Directed by: Dan Jemmet
Produced by: Bureau Dix & polimniA
Coproduced: by Hans Christian Andersen Foundation, Theatre de la Ville (Paris), Grand Theatre du Luxembourg, Vereinigte Bühnen Wien
On a terribly cold and dark New Year’s Eve, a poor little girl wearing no hat or shoes is trying to sell matches on the street. She leaves her home wearing a pair of slippers too large for her feet, but looses them. One is snatched by a boy who runs away saying he could use it as a cradle; the other one is nowhere to be found. So the little girl keeps walking, red and blue from the cold, snowflakes falling on her long, fair hair. Fearing her father, she doesn’t dare to go home before she has sold some matches.
Desperately trying to warm herself, the Little Match Girl begins to light her matches one by one. As she lights each matchstick, a new fantastic image appears in front of her, only to disappear as the match looses its flame. The first image is that of a hot iron stove. Next she sees a fully-decked table, complete with a stuffed goose. The third image is a beautiful Christmas tree with candles and ornaments.

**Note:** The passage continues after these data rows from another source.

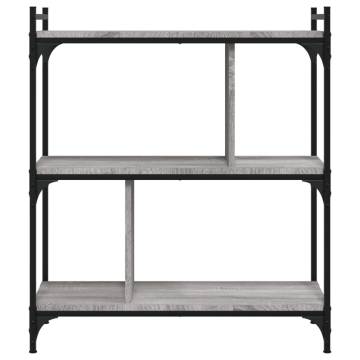 Bookcase 3-Tier Grey Sonoma 76x32x88 cm Engineered Wood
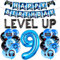 LaVenty Level Up Game Geburtstag Video Game Feier Party Dekoration for Boys (Blau und schwarz 9 Jahre alt)
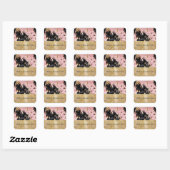 Sticker Carré Fille Rose Noir Étincelle Fille Cowhide (Feuille)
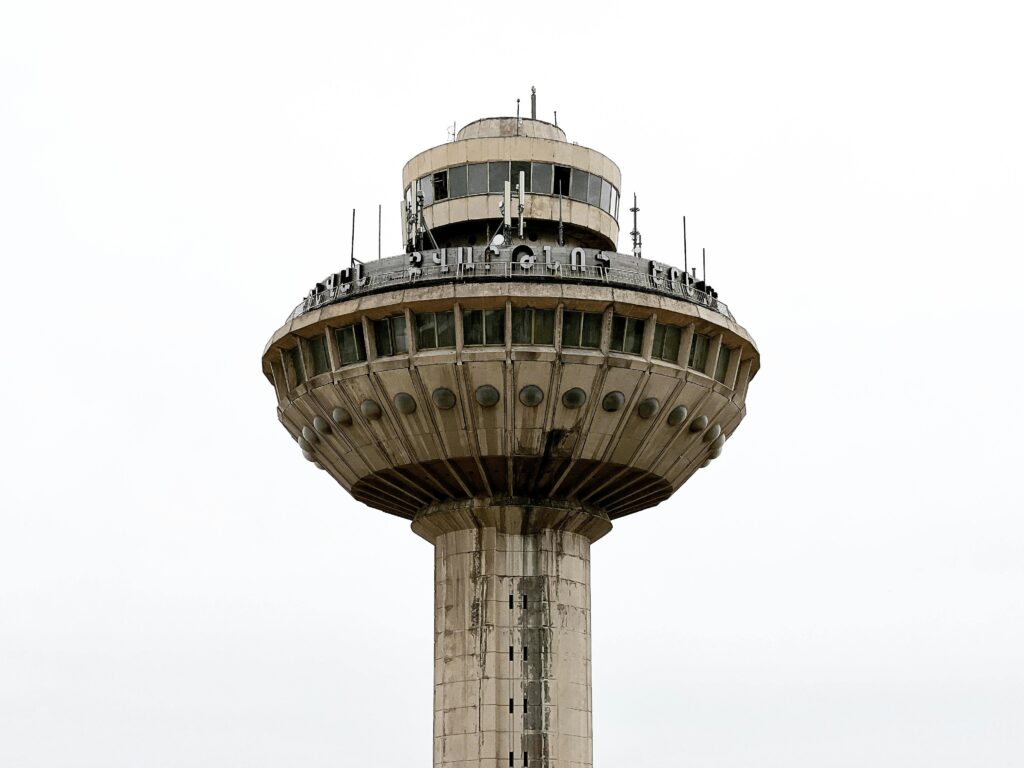 Close-up of the Zvartnots Airport control tower in Yerevan, Armenia.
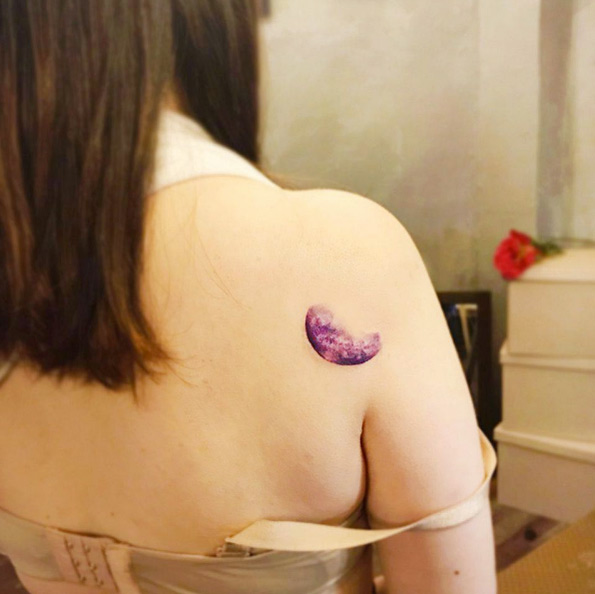 Purple moon by Tattooist Karin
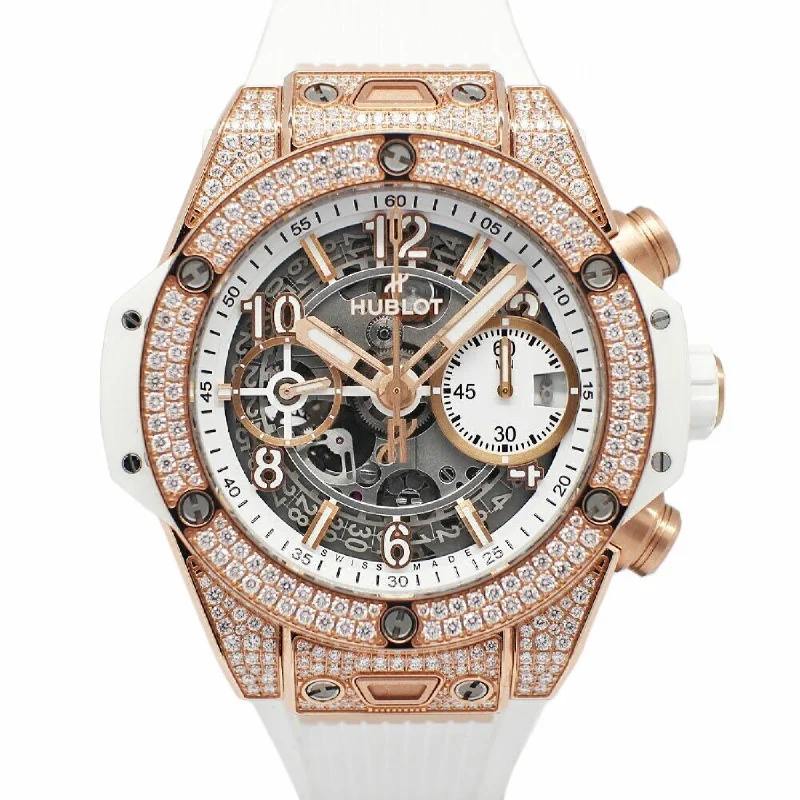 Chic bracelet watches-Hublot Men's 441.OE.2011.RW.1704 Big Bang Unico Chronograph White Rubber Watch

When the match goes out, the Christmas lights rise higher and higher and she sees a shooting star. The Little Match Girl remembers her dead grandmother, the only one who had ever loved her, and who had told her that a shooting star is a dying person’s soul going up to God. She lights another match. In the light she sees her old grandmother. “O take me with you”, cries the little girl, hastily lighting all the matches to try to prolong the vision. The grandmother takes her up to heaven, and in the morning the little girl’s frozen body is found, a smile on her face.
Music & Lyrics: Martyn Jacques
Set Designer: Dick Bird
Performed by: The Tiger Lillies
Actors: Laetitia Angot, Bob Goody
The Tiger Lillies are lighting up "The Little Match Girl" with their special blend of world music, jazz, eerie falsetto and subtle raven-black sardonic wit. While never quite as racy, raucous or blasphemous as some of the trio's previous stage works […], the overall tone is of a mesmerizing, mystical chimera.
Variety
The velvet melancholy of Martyn Jacques’ voice and the sad Hans Christian Andersen story project dreamy images of rare force.